What is Hearst Castle?
Hearst Castle is one of the most well-known California landmarks and tourist attractions. It's an extremely large estate once owned by wealthy publisher William Randolph Hearst and donated to the State of California by his family in 1957. William's father, George, purchased the land that eventually became part of the state historic park in 1865. Designed by civil engineer Julia Morgan, the first woman to graduate with an architecture degree from Paris' prestigious Ecole des Beaux-Arts, Hearst Castle was built on the property in the 1930s. Different tour options are available at the castle's location near the city of San Simeon, California, which is close to San Luis Obispo.

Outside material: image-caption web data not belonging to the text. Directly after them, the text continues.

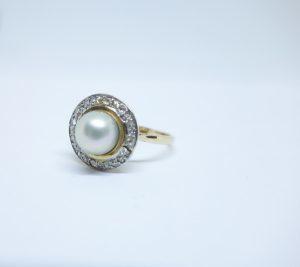 bague or bicolore diamants et perle de culture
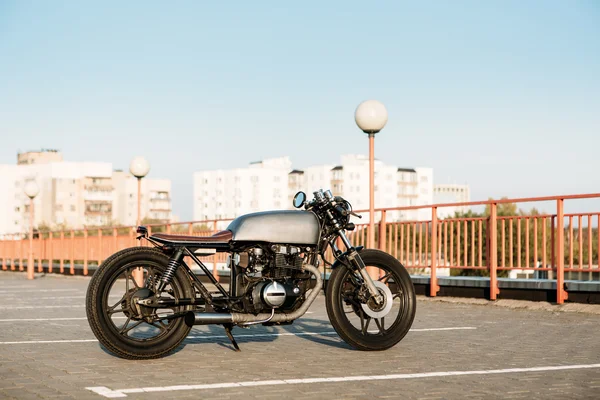 Silber Vintage Custom Motorrad Cafe Racer — Stockfoto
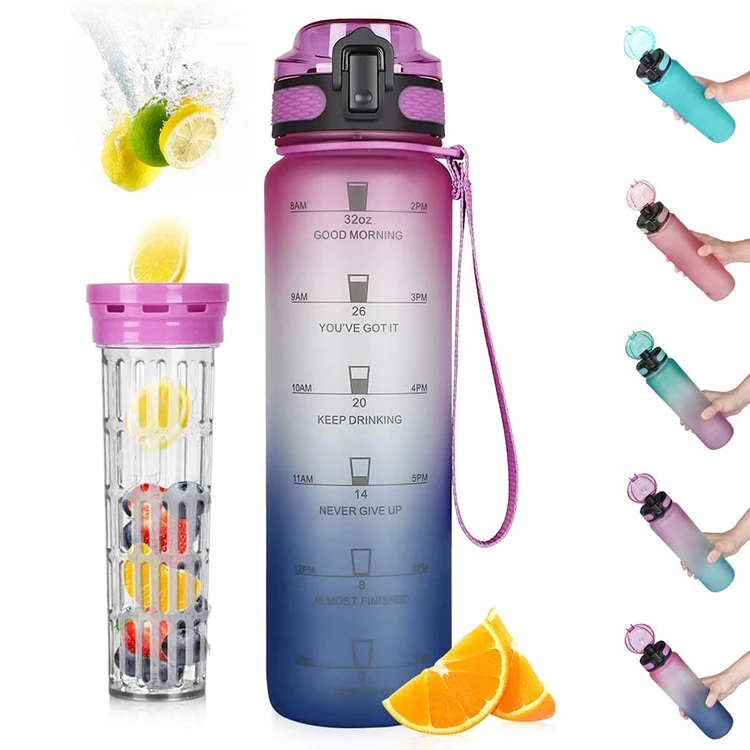 

High quality 32 OZ 1 Liter Motivational Reusable Water Bottles With Times To Drink BPA Free Frosted Plastic bottle with infuser, Customized color acceptable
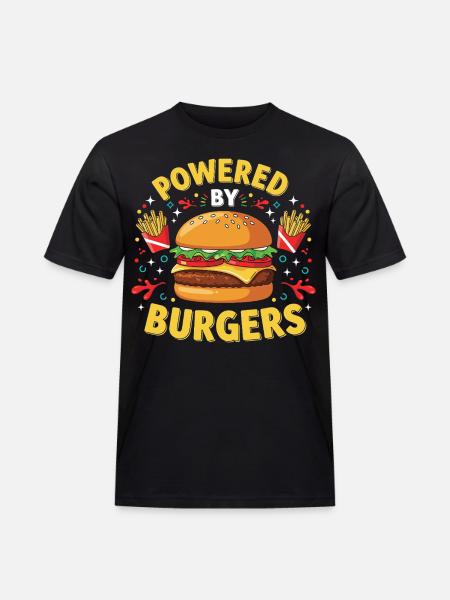 Hamburger Burger - Männer Workwear T-Shirt - Schwarz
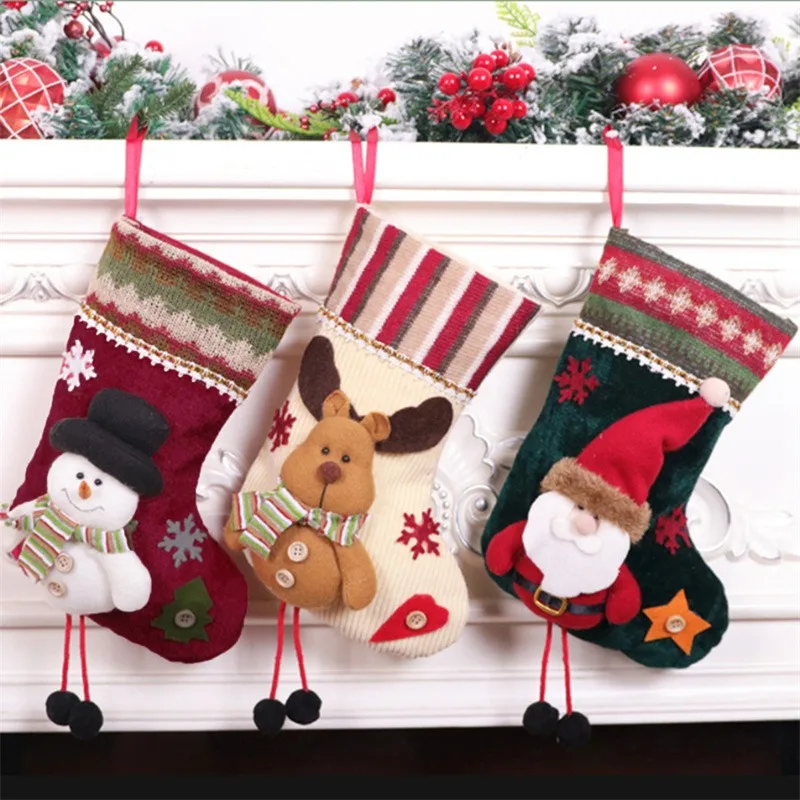 Christmas Gift Bags Christmas Stockings Gift Bags Christmas Candy Packaging Christmas Sock Kids Candy Bag Gift Santa Claus Snowman Socks Xmas Tree Ornament Christmas Stocking Decoration for Home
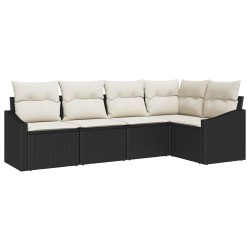 Ensemble de Canapés avec coussin 5 pcs Noir polyrotin 518610518610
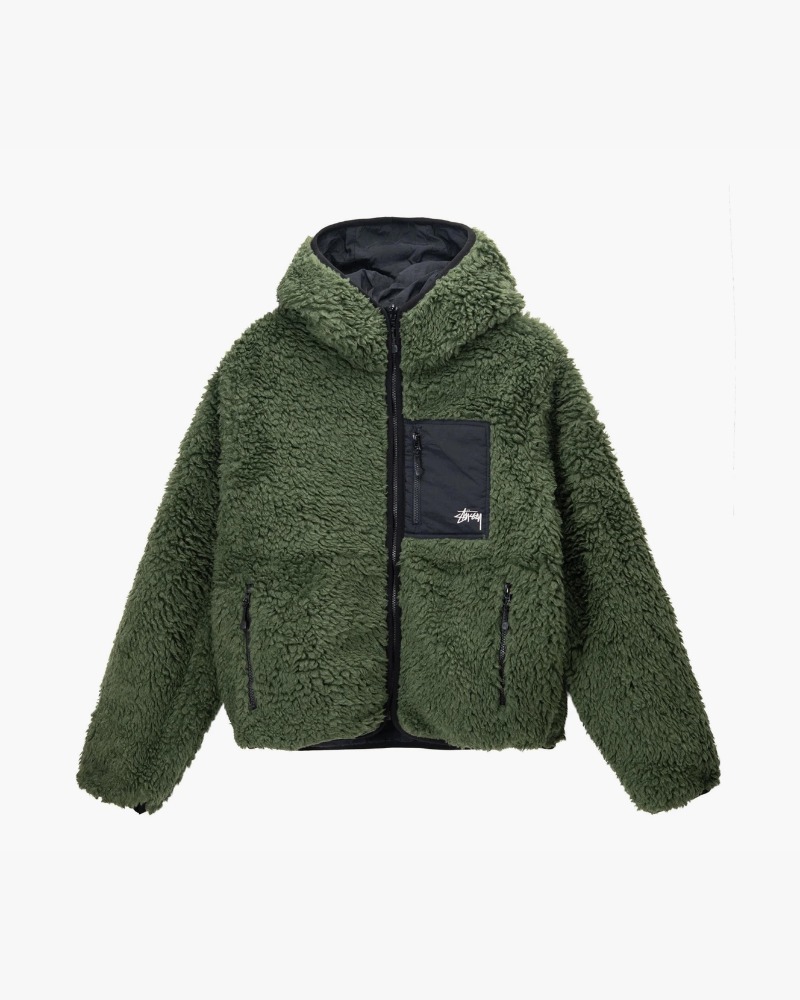 해외입고Reversible sherpa fleece/nylon zip jacket.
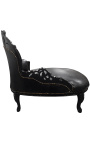 Baroque chaise longue black leatherette with black wood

All of the tours include views of both swimming pools at Hearst Castle. The Neptune is the name of the property's outdoor pool, while the Roman is the castle's indoor swimming structure. Greco-Roman columns and statues decorate the Neptune in grand style, while opulent gold and Venetian glass adorn the Roman swimming pool. As an indication of the immense size of everything at the castle, including the swimming structures, Neptune Pool alone has 18 dressing rooms.
In addition to the main house, the outdoor pool and numerous flower gardens, the exterior property features tennis courts, a zoo and an airfield. There are also separate buildings that were used as guest houses. The Casa Del Sol guest house has 18 rooms and overlooks the Pacific Ocean. The main house at Hearst Castle, called Casa Grande, features many beautiful spaces that include a games room with two 1920s billiard tables and a library with more than 4,000 books. The wine cellars are stocked with Californian, as well as rare European, wines.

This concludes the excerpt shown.